___ Records to process ___
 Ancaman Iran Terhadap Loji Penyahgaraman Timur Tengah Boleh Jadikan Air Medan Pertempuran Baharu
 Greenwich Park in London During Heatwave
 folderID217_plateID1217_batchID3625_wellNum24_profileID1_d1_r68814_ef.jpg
___
___ Records to process ___
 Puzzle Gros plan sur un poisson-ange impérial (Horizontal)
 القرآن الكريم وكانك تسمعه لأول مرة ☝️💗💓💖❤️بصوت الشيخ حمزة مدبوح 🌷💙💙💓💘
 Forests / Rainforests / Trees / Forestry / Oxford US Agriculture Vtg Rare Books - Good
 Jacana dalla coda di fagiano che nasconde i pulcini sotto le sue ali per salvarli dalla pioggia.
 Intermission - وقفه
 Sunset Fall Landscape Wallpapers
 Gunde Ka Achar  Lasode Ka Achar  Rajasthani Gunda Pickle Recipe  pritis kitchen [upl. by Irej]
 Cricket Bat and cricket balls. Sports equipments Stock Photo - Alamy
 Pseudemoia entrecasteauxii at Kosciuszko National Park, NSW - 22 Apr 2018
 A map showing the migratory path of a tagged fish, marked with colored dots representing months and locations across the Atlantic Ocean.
___
§ **Your objective**
Beginning with the line containing "القرآن الكريم وكانك" and ending with the line containing "Intermission - وقفه", extract those lines exactly from the listing above, and only those.

§ **Response area**
 القرآن الكريم وكانك تسمعه لأول مرة ☝️💗💓💖❤️بصوت الشيخ حمزة مدبوح 🌷💙💙💓💘
 Forests / Rainforests / Trees / Forestry / Oxford US Agriculture Vtg Rare Books - Good
 Jacana dalla coda di fagiano che nasconde i pulcini sotto le sue ali per salvarli dalla pioggia.
 Intermission - وقفه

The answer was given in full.